Poster
in
Workshop: Learning and Decision-Making with Strategic Feedback (StratML)
Bounded Rationality for Multi-Agent Motion Planning and Behavior Learning
Junhong Xu · Kai Yin · Lantao Liu
When a robot shares the same workspace with other intelligent agents (e.g., other robots or humans), the robot must be able to reason the behaviors of its neighboring agents while accomplishing its designated task. We assume other agents do not explicitly share their decisions or reasoning processes with the robot. Thus the robot needs to reason itself for the consequences of all other agents, the process of which demands prohibitive computational resources. We observe that in practice, oftentimes predicting the absolutely optimal agent behaviors is not necessary. Instead, it is more desirable that the solution can be computed with a close-to-optimal (sub-optimal) but affordable (tractable) computation time.

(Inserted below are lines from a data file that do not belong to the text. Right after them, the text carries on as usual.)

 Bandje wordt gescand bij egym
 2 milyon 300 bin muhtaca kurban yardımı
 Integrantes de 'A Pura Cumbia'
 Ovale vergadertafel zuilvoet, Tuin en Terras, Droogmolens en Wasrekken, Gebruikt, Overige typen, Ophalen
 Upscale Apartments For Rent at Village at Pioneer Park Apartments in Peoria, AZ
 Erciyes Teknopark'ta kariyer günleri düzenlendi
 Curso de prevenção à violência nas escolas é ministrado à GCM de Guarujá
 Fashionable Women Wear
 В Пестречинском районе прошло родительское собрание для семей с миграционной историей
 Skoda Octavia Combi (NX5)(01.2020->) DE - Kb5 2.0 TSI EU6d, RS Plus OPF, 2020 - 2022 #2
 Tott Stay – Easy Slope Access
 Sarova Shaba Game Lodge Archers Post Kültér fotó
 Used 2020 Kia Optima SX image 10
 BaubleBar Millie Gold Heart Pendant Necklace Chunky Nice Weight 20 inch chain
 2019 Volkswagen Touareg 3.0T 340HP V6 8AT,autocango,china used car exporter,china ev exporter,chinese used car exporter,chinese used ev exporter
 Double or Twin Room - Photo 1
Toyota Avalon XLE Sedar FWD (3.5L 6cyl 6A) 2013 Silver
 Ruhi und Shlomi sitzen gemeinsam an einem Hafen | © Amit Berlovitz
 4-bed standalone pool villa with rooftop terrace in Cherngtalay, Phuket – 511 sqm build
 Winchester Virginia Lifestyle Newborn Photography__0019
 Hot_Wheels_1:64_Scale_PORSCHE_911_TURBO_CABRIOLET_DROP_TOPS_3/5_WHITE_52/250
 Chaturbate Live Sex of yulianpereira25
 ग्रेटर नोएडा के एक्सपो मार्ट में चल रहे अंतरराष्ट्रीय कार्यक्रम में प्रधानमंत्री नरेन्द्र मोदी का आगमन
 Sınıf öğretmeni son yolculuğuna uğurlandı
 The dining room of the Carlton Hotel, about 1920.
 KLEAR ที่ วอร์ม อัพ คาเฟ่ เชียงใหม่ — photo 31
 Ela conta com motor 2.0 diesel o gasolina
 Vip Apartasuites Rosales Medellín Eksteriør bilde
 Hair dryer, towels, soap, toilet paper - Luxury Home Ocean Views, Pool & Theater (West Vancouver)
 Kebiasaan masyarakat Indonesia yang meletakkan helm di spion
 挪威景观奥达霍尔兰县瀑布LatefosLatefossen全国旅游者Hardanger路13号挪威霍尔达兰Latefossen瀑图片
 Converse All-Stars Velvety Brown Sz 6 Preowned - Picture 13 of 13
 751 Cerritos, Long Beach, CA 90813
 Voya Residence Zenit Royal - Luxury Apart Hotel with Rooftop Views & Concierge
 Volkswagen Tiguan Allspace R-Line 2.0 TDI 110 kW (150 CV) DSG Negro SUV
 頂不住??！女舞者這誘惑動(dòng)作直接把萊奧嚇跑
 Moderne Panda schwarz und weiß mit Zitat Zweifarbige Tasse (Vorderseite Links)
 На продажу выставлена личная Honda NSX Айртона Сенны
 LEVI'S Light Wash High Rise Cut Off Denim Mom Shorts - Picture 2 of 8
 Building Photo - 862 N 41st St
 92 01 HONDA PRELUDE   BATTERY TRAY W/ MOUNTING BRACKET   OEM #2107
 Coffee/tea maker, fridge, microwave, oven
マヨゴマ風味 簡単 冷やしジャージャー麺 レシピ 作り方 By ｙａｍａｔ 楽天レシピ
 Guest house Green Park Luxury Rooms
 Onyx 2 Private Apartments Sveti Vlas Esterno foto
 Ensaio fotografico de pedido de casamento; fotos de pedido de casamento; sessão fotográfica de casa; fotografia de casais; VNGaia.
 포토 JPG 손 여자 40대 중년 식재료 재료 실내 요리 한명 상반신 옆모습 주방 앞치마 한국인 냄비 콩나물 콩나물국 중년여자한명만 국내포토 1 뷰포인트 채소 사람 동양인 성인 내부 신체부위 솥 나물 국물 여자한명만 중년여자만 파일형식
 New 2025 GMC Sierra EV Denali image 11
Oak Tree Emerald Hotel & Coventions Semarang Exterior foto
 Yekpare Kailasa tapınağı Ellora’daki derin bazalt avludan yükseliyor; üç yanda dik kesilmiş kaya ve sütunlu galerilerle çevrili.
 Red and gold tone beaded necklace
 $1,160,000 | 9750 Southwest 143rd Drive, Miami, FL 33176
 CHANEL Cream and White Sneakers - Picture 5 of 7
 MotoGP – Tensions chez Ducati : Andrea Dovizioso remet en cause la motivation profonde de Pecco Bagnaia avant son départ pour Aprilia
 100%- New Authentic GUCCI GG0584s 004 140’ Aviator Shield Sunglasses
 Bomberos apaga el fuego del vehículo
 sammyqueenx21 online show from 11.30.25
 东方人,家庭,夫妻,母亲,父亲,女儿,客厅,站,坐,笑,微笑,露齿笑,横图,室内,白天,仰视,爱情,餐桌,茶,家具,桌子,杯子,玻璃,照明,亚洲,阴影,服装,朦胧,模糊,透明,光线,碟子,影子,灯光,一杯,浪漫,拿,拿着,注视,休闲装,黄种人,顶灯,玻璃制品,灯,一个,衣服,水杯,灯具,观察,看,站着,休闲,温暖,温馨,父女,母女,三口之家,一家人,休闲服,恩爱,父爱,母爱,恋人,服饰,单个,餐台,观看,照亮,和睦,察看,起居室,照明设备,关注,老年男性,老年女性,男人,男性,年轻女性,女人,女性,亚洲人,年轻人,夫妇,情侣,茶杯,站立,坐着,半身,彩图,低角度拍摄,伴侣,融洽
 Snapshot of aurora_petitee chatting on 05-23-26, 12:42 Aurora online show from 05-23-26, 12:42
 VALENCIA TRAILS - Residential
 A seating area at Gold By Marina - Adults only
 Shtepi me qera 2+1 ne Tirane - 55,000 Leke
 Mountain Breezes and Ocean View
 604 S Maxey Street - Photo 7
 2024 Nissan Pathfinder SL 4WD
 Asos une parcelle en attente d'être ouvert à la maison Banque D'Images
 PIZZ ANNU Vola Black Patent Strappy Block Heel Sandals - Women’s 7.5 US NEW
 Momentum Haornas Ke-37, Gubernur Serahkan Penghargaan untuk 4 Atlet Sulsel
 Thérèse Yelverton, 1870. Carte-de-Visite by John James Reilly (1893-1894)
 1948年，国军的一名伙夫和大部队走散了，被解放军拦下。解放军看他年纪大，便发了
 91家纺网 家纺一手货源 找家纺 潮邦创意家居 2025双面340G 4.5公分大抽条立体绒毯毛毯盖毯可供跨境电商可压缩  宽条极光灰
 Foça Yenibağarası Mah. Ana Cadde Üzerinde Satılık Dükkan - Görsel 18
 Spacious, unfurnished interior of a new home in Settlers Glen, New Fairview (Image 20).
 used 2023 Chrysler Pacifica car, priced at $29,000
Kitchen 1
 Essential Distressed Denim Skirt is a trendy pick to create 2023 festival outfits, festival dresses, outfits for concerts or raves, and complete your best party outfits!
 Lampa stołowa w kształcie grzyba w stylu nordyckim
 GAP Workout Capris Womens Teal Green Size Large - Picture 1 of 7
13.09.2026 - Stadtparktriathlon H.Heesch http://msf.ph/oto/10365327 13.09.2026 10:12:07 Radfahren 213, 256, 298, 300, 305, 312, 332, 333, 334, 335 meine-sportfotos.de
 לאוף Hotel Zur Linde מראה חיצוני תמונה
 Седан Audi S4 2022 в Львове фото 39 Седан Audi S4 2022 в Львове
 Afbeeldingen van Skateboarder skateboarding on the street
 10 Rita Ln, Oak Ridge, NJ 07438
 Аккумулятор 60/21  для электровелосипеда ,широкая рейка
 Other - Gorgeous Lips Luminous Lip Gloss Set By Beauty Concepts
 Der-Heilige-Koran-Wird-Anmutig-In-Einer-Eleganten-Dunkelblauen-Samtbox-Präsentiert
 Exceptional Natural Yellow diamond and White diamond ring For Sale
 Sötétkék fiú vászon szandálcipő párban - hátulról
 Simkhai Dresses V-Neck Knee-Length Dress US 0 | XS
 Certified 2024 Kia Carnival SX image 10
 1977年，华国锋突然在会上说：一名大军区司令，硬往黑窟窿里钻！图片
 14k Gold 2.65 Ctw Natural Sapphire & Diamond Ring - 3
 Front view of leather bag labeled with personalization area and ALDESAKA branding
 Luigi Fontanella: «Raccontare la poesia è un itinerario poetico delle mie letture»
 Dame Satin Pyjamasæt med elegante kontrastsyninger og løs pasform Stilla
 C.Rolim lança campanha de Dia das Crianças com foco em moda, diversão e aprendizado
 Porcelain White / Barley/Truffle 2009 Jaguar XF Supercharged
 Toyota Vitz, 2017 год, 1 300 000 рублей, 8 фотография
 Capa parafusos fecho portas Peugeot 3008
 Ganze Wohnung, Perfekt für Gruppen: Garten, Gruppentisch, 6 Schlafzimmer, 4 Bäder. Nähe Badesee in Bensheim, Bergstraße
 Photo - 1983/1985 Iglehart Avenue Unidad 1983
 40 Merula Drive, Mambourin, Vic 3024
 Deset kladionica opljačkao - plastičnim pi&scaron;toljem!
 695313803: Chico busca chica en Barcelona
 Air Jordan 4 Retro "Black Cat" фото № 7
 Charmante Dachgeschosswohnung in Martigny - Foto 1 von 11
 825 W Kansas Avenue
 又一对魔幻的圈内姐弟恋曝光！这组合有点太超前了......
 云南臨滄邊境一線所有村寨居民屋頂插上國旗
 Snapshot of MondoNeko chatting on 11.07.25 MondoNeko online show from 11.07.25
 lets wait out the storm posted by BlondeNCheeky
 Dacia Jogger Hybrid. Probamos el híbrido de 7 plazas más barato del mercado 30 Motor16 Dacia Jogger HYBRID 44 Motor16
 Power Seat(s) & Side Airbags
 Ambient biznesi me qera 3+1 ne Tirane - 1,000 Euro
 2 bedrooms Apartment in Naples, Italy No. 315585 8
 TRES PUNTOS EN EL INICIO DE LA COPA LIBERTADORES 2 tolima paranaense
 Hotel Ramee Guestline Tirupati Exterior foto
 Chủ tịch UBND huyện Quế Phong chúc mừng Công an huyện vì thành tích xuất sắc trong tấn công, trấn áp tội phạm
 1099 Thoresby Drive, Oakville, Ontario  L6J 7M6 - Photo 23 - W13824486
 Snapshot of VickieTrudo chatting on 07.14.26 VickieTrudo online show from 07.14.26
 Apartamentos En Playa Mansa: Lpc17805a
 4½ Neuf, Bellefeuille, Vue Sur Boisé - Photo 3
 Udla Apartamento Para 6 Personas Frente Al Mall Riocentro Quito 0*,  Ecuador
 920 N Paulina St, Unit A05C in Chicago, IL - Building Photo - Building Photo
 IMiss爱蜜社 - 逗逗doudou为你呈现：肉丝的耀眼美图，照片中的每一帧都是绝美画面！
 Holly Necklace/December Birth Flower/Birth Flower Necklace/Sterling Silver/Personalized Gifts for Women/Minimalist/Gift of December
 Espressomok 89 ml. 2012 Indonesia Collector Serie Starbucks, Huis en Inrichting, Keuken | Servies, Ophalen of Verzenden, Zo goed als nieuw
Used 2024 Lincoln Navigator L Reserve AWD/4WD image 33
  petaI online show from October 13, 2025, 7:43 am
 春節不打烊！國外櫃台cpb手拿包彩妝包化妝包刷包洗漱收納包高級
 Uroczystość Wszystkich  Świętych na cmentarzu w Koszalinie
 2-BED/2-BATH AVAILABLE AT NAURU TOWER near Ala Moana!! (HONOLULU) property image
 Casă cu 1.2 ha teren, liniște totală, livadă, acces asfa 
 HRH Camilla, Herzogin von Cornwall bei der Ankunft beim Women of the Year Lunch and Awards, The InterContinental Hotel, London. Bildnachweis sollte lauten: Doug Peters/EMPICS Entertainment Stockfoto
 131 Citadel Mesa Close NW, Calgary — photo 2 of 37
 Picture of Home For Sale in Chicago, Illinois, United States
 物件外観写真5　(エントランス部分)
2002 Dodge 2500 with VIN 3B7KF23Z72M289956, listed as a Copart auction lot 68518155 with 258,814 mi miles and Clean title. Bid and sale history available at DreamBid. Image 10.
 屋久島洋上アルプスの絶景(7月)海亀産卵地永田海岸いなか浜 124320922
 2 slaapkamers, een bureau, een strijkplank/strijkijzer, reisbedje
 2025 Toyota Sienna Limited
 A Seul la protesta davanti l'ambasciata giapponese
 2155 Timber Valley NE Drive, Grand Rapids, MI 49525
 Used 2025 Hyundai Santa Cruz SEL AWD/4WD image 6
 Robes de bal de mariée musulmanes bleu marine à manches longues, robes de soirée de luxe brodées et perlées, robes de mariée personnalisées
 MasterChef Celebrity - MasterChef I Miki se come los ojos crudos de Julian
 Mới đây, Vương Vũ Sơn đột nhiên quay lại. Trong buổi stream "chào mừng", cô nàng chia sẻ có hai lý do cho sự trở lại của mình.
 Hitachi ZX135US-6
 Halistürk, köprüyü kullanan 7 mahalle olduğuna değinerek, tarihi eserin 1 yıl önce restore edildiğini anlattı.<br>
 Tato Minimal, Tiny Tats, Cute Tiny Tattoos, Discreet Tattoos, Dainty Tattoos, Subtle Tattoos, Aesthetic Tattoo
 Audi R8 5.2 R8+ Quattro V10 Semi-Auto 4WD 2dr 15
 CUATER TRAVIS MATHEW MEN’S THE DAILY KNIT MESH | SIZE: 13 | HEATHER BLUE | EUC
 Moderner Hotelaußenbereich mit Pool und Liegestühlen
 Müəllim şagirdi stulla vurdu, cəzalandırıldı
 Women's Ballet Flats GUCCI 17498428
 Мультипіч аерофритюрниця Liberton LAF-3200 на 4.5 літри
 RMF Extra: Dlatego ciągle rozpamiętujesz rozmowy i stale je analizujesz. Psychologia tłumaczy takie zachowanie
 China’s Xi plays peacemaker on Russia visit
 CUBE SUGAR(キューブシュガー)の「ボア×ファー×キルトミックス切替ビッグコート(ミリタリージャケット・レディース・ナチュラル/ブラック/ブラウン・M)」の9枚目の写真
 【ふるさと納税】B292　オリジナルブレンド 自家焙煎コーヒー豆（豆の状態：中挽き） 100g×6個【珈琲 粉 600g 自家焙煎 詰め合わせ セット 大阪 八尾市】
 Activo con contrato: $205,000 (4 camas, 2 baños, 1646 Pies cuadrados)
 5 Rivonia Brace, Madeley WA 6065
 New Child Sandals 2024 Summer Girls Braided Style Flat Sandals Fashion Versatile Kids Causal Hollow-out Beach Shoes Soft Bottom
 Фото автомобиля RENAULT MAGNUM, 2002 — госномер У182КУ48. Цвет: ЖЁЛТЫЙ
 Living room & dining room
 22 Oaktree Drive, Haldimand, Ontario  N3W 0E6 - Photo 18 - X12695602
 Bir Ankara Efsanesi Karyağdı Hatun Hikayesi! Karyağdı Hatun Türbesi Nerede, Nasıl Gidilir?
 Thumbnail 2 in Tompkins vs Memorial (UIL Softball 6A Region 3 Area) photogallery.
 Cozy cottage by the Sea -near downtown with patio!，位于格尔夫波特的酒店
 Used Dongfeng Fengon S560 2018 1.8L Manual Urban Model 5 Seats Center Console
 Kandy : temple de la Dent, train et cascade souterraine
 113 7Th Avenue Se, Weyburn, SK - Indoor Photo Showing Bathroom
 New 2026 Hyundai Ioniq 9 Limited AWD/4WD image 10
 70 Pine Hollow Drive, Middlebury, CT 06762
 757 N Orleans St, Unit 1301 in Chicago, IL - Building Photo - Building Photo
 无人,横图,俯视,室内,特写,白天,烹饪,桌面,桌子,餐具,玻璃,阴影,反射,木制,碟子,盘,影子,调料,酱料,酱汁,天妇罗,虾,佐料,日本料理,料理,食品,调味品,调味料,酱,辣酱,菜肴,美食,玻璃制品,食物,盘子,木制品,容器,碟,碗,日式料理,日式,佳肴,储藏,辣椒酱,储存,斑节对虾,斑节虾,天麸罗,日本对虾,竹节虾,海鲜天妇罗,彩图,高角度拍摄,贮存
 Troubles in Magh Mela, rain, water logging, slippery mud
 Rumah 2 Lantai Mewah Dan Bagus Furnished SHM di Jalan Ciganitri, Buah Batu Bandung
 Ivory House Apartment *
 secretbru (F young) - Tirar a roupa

We propose to incorporate the concept of bounded rationality (from an information-theoretic viewpoint) into the general-sum stochastic game setting. Specifically, the robot computes a policy under the information processing constraint, represented as KL-divergence between the default and optimized stochastic policies. The solution to the bounded-optimal policy can be obtained by an importance sampling approach. We show pilot results that this framework allows the robot to (1) effectively trade-off between solution optimality and limited computational time; (2) efficiently learn the sub-optimal behaviors of other agents.